By Steven Hawkins
The energy behind federal cannabis reform – and criminal justice related to that reform – has reached a whole new level. Change requires coordination and cooperation across a wide range of stakeholders, and we need to speak with a single, powerful voice. The US Cannabis Council (USCC) is proud to serve as a unifying force for the industry and organizations within the movement to achieve meaningful reform in Washington, DC.
This week marks our one-year anniversary. Assisted by strong member growth and staff recruitment, we have quickly become a leading voice for the cannabis industry, not just on legalization but on a full roster of policy priorities, including expungement, social equity, banking services and tax reform.
Getting things done on Capitol Hill requires constituents connecting with their lawmakers. That is why we prioritized bringing cannabis CEOs to meet with Congress last November. The executives offered our shared federal priorities and spoke impactfully about the promise of an inclusive and values-driven industry to deliver profound social and financial benefits. USCC is organizing an even larger CEO fly-in for this spring.
Real change requires bipartisan support, and we have active and ongoing conversations on both sides. I was proud to stand alongside Rep. Nancy Mace at the unveiling of her States Reform Act and look forward to welcoming the introduction of the Cannabis Opportunity and Administration Act by Sens. Schumer, Booker and Wyden in April.
Late last year, we partnered with Reps. David Joyce and Alexandria Ocasio-Cortez on the HOPE Act, which would provide funding to states and localities to expedite expungement of nonviolent cannabis offenses. We are similarly collaborating with Reps. Ed Perlmutter and Joyce on their SAFE Banking Act, which just passed—yet again—on the House floor.
USCC is working hard to boost support for banking reform and to convey the importance of banking services for small and minority-owned businesses. The truth is that well-financed operators have found workarounds to secure capital and banking. It ends up being more expensive and less efficient than normal banking, but it gets the job done. Not so for smaller operators who struggle to get by.
We heard this over and over during the briefing we hosted in October with minority cannabis business entrepreneurs.
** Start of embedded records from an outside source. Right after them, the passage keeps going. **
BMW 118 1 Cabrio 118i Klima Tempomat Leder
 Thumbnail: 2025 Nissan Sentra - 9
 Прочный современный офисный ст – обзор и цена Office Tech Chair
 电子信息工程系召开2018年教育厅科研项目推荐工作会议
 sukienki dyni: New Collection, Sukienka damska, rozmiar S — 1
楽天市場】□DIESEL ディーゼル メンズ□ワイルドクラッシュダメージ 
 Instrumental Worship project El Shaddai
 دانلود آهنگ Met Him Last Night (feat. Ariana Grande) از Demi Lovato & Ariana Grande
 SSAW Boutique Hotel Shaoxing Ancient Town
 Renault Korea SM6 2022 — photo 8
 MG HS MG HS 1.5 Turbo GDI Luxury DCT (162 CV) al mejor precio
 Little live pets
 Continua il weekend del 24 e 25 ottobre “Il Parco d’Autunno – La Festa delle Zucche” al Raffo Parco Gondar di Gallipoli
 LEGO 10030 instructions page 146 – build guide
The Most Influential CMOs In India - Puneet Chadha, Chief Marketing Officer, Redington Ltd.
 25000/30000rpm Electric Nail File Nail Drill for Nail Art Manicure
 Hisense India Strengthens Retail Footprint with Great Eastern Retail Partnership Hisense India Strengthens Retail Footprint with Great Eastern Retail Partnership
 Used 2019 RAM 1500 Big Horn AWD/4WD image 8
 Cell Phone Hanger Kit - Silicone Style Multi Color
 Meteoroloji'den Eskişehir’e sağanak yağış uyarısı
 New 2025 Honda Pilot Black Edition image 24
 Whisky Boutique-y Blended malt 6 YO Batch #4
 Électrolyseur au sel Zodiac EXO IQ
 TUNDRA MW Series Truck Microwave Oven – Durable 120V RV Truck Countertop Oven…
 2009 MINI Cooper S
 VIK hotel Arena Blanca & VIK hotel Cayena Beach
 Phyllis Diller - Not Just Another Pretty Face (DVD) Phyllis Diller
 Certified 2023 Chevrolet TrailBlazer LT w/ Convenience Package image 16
They shared their firsthand accounts of how lack of access to traditional banking services starves them of capital, steers them toward predatory loans and makes them highly attractive robbery targets.
The SAFE Banking Act is not a silver bullet for social equity in cannabis, but its passage will disproportionately benefit small and minority-owned businesses. In legislative terms, the bill is a stepping stone to broader reforms—or, if we’re not careful, a stumbling block. With Rep. Perlmutter retiring this year and many small and minority-owned operators on the ropes, we are committed to making the SAFE Banking Act the law of the land.
As we work to advance our agenda in Congress, USCC is also engaging leaders in civil rights, law and business to advance our mission of creating an equitable and values-driven cannabis industry. Our 28-member DEI Task Force, which launched in December, is busy at work and will soon launch an assessment tool that will provide cannabis companies with a DEI score, measuring their performance across recruitment, retention, procurement, governance and more.
We also kicked off a new internship program in January with the Congressional Black Caucus Foundation and in partnership with leading cannabis companies and reform organizations. Open to Black college seniors and recent graduates, the program provides valuable work experience in our dynamic and growing field. USCC will continue this program and launch others to help build a pipeline for diverse talent in the cannabis industry.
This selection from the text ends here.